(Data to use)

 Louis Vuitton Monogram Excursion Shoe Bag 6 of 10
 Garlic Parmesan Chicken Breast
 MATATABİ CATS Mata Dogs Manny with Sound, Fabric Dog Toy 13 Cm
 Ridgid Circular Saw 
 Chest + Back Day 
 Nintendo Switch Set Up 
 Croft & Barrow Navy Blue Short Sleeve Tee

(End Data to use)
(Data to use)

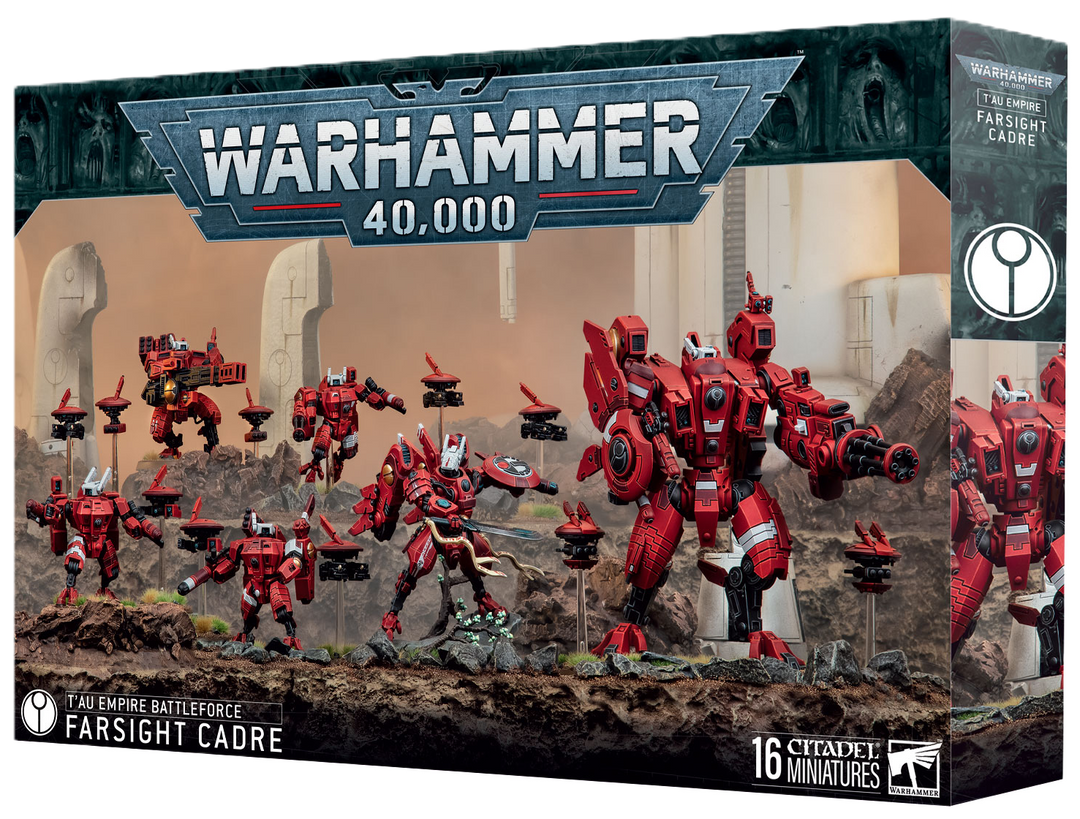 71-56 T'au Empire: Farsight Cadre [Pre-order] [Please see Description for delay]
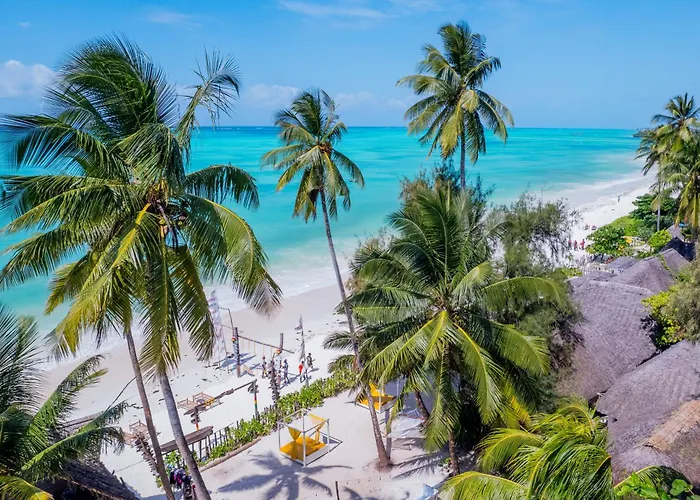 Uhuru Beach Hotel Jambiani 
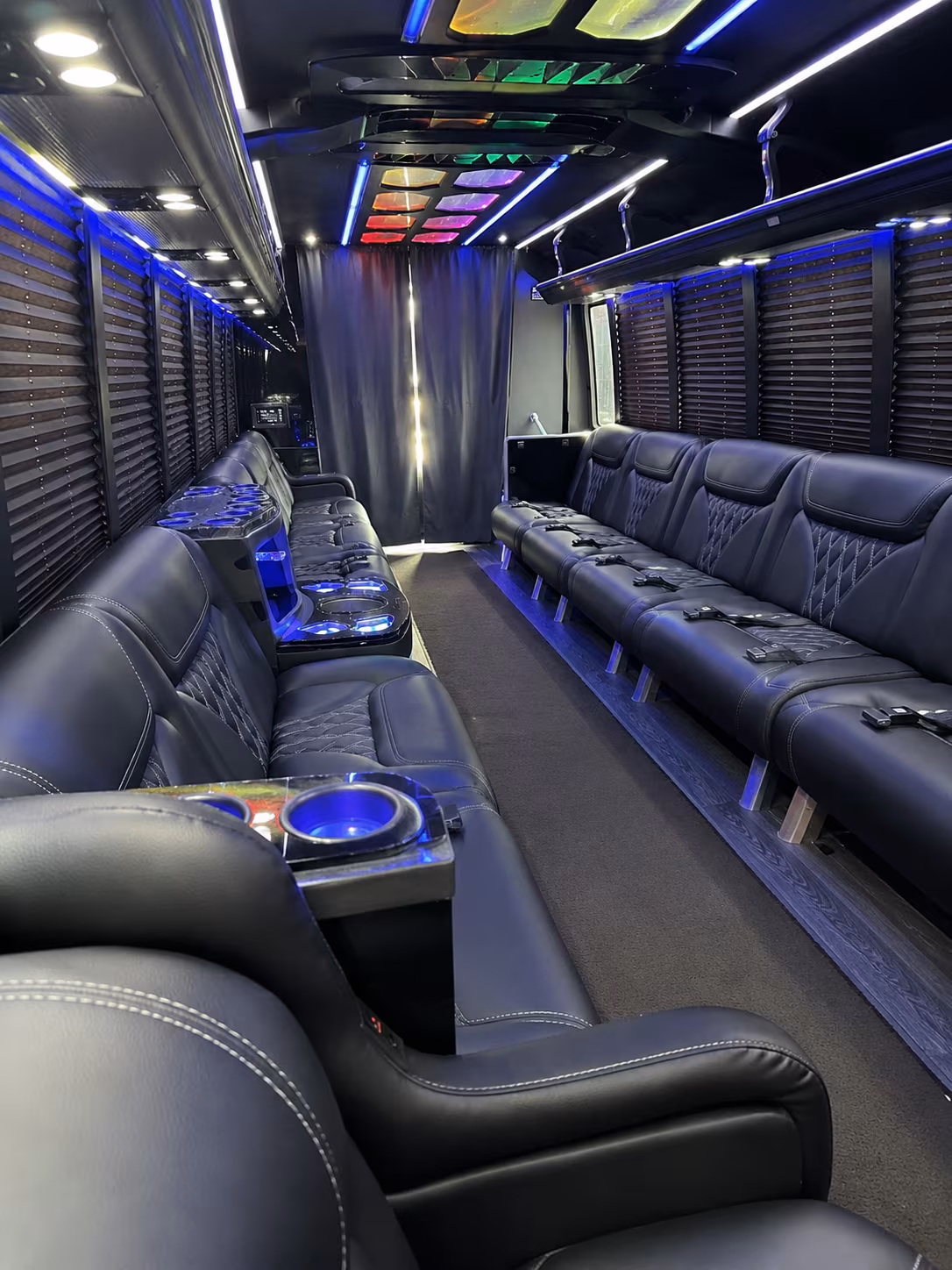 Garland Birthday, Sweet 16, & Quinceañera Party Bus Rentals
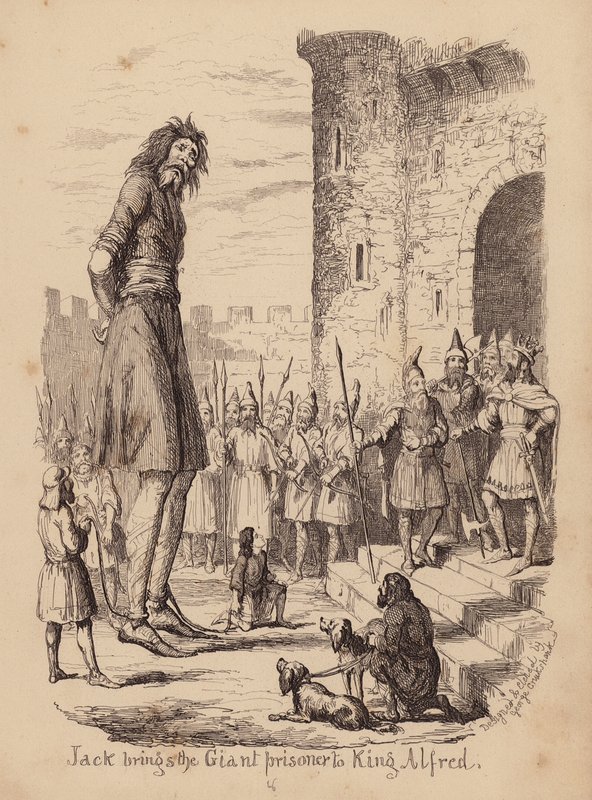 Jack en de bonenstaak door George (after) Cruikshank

(End Data to use)
(Data to use)

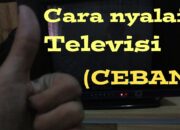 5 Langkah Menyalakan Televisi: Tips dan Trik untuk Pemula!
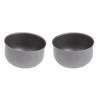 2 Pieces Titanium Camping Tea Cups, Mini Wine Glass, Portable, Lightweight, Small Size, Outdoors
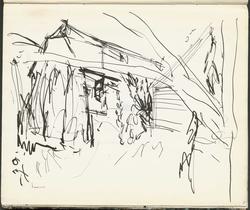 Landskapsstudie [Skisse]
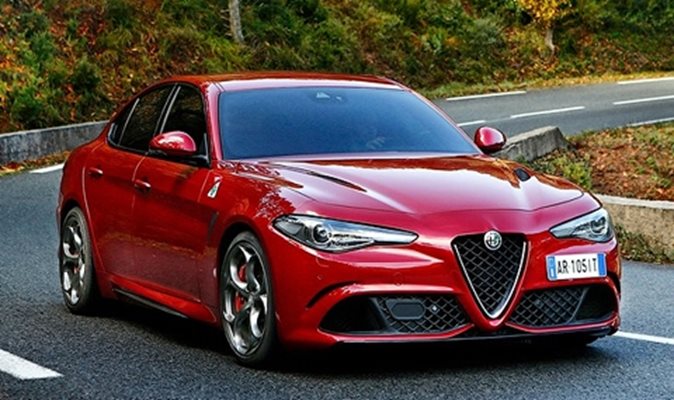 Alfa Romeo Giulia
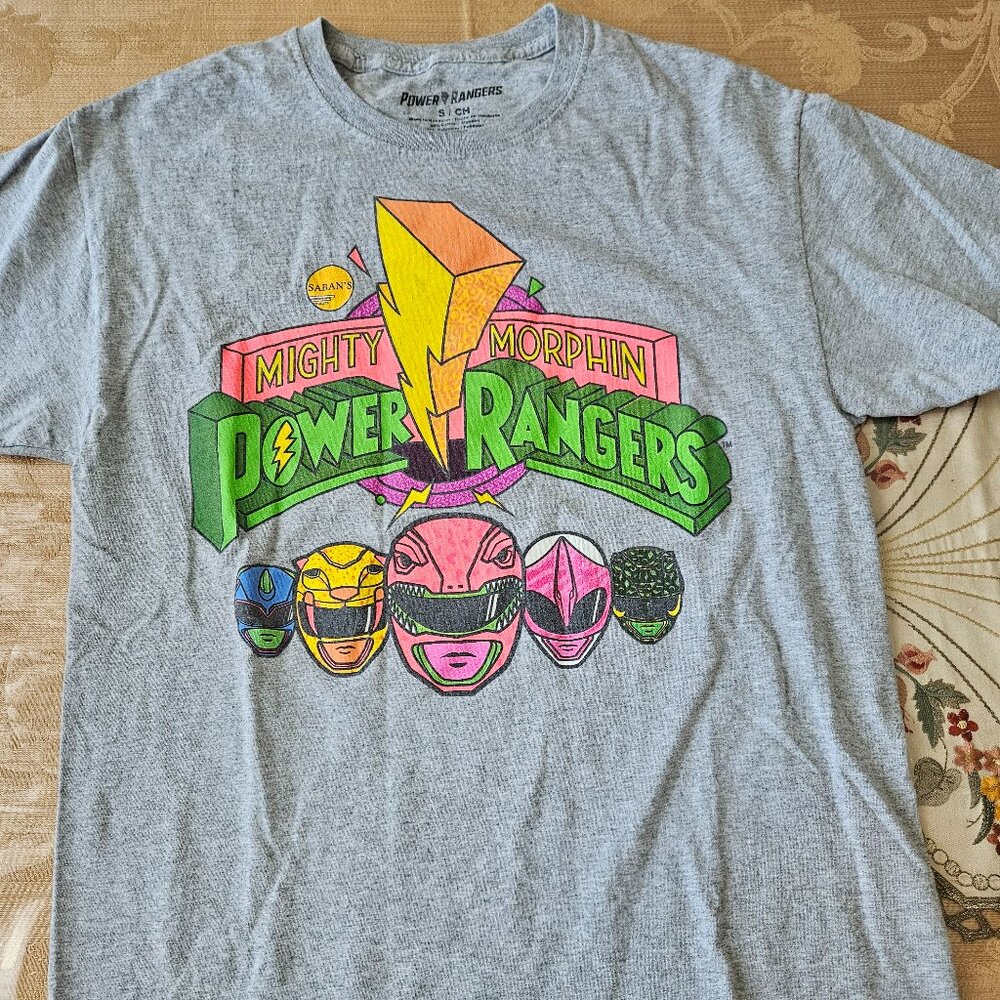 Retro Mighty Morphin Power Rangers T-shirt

(End Data to use)

• **Directions for this task**
Word for word, write out the lines above running from the one with "2 Pieces Titanium" up to and including the one with "Retro Mighty Morphin Power Rangers T-shirt". Drop any picture.

• **Answer box**
 2 Pieces Titanium Camping Tea Cups, Mini Wine Glass, Portable, Lightweight, Small Size, Outdoors
 Landskapsstudie [Skisse]
 Alfa Romeo Giulia
 Retro Mighty Morphin Power Rangers T-shirt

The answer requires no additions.